Con l’apertura a Milano, Starbucks si prepara a chiudere un cerchio aperto 34 anni fa, quando Howard Schultz, numero uno della catena americana di caffetterie, assaggiò il suo primo espresso davanti al Duomo. Per l’annuncio ufficiale, che dovrebbe arrivare tra fine ottobre e inizio novembre, mancano solo le firme: il gruppo Percassi deve chiudere l’intesa con il Blackstone per l’ex palazzo delle Poste in piazza Cordusio, poi lo sbarco di Starbucks sarà cosa fatta.
Il palazzo delle Poste
E per l’occasione nel capoluogo lombardo tornerà anche il manager americano entusiasta di iniziare la nuova avventura: “Non abbiamo l’ambizione di insegnare agli italiani come si fa il caffè, ma vogliamo mostrarvi quello che abbiamo imparato”. I battenti del nuovo negozio dovrebbero aprire a settembre dell’anno prossimo, ma già da gennaio sono attese attività di promozione per sensibilizzare i milanesi e alimentare le attese.
Nel frattempo, per preparare il terreno, a luglio, gli americani hanno stretto una partnership esclusiva con le panetterie Princi: un accordo che trasformerà la bottega aperta nel 1986 nel fornitore esclusivo delle nuove Starbucks Reserve Roastery e Tasting Rooms di Shanghai e New York.

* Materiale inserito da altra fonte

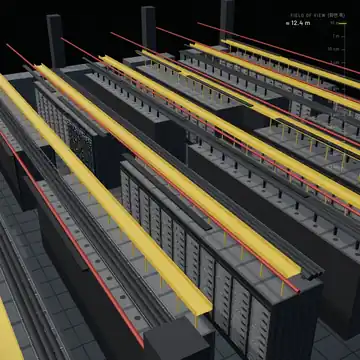 One loop of an example film: from a data hall to the graphics card, into the chip, down to memory cells, logic cells and the silicon crystal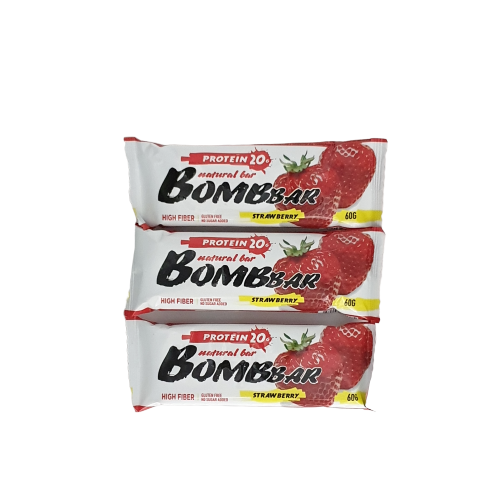 фото Батончик bombbar protein 3 60 г, 3 шт., клубника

Un modello di lusso che ha l’ambizione di far rivivere le storiche torrefazioni in chiave contemporanea: a Seattle, dove ha aperto la capofila delle Roastery, ci sono anche una biblioteca e uno spazio per rilassarsi.
L’interno del palazzo delle Poste alla fine della ristrutturazione (rendering)
Ed
è proprio questo modello che Schultz ha in mente per il negozio di Milano con l’obiettivo di fare delle torrefazioni il biglietto da visita del marchio nel mondo. Anche perché mentre l’Asia cresce a un ritmo forsennato, il caffè americano non è mai decollato in Europa: i ricavi del Vecchio continente valgono appena 1,9 miliardi di dollari, il 10% del totale. E un successo a Milano sarebbe fondamentale per consolidare la forza e l’immagine del marchio.